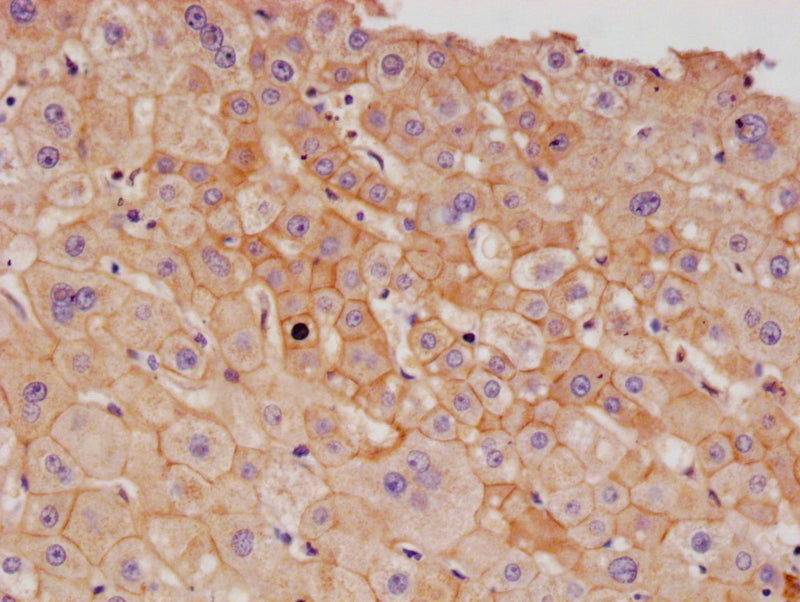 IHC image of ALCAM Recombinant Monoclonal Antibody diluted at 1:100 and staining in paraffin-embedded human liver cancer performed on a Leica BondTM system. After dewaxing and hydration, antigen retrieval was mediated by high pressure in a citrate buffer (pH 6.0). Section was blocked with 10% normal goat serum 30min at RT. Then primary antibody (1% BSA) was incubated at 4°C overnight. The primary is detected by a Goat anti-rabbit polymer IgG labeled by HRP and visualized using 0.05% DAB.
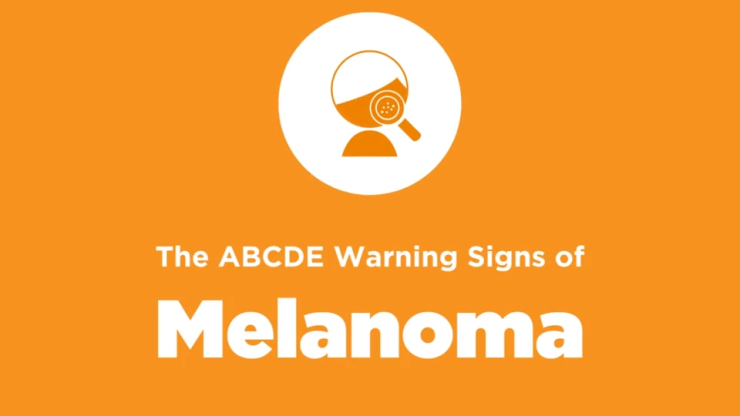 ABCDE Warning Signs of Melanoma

*-*-*

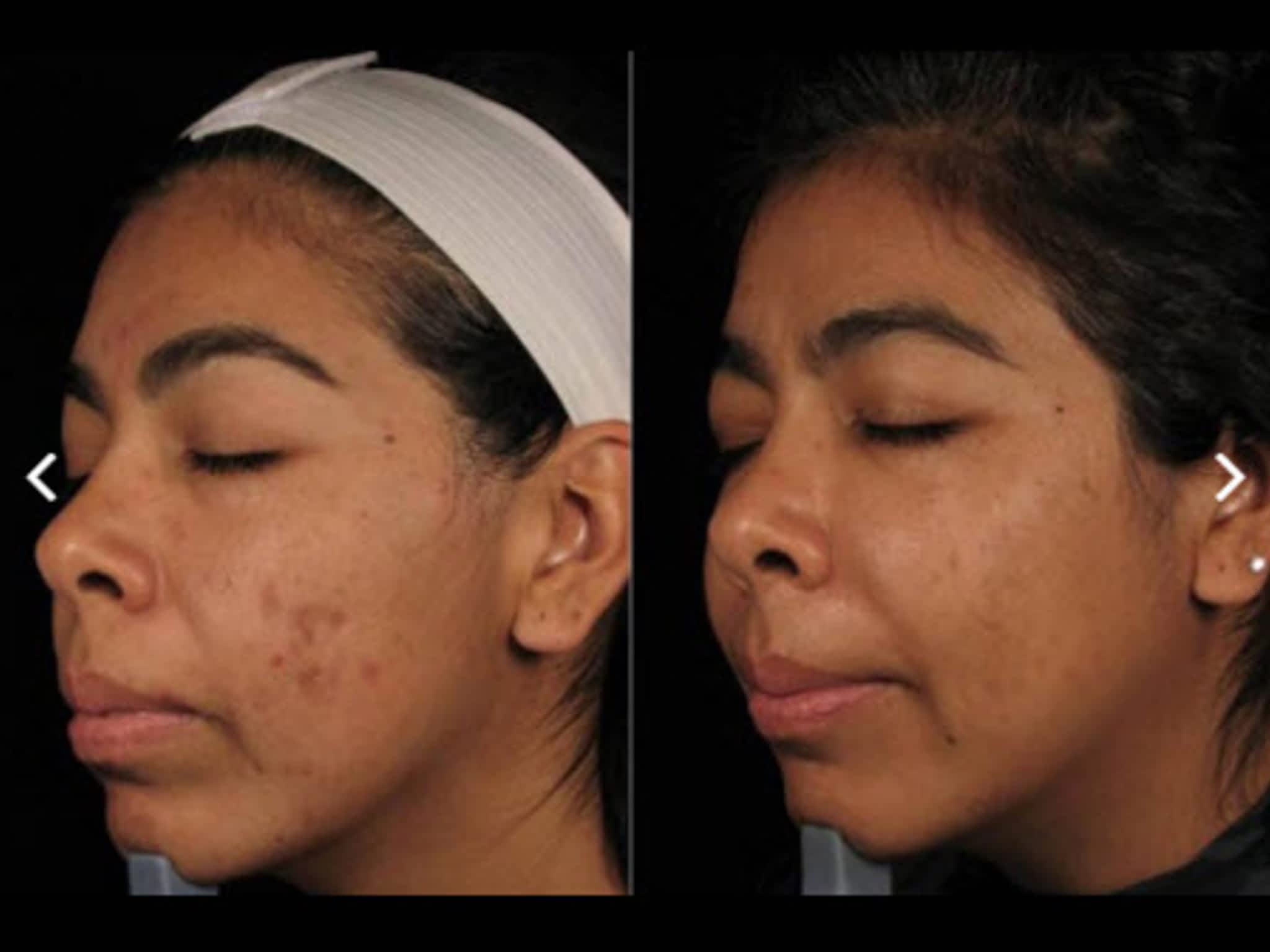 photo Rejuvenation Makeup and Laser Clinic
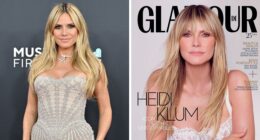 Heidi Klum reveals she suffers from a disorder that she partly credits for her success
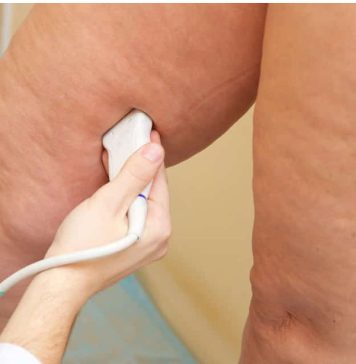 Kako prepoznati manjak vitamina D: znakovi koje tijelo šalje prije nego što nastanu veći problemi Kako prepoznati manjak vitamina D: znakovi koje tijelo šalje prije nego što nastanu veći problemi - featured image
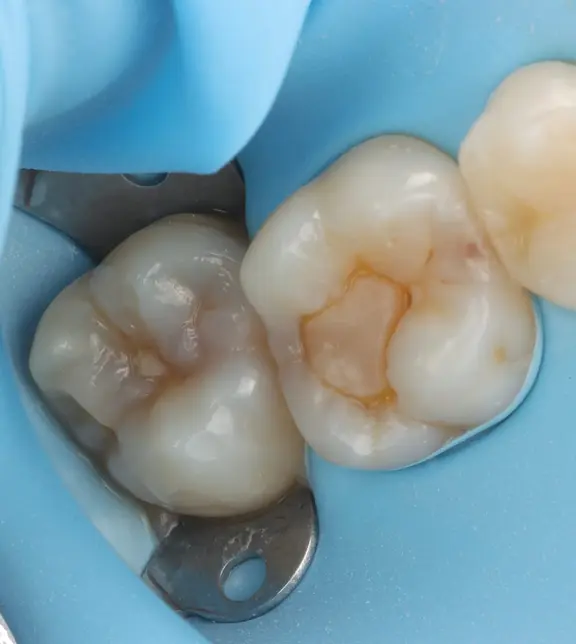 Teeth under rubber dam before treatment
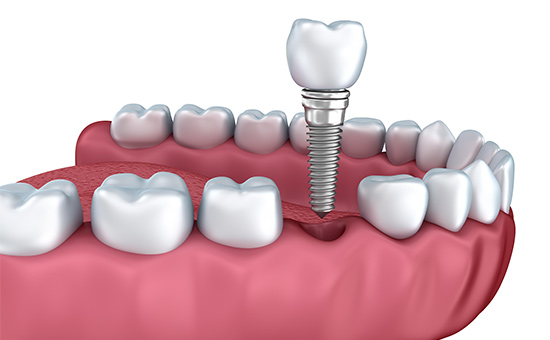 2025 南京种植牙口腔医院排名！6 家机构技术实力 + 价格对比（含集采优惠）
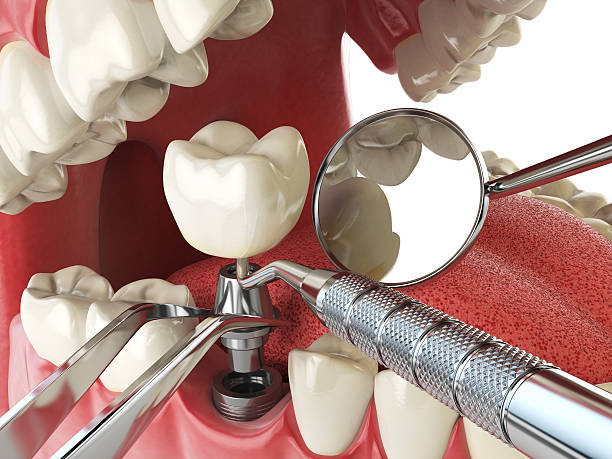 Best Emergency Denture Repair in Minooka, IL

*-*-*

Exercise requirements
Write back word for word every line in the entries above from the one with "- featured image" to the one with "Best Emergency Denture Repair in Minooka, IL", ends included, and none of the pictures.

Expected answer
 Kako prepoznati manjak vitamina D: znakovi koje tijelo šalje prije nego što nastanu veći problemi Kako prepoznati manjak vitamina D: znakovi koje tijelo šalje prije nego što nastanu veći problemi - featured image
 Teeth under rubber dam before treatment
 2025 南京种植牙口腔医院排名！6 家机构技术实力 + 价格对比（含集采优惠）
 Best Emergency Denture Repair in Minooka, IL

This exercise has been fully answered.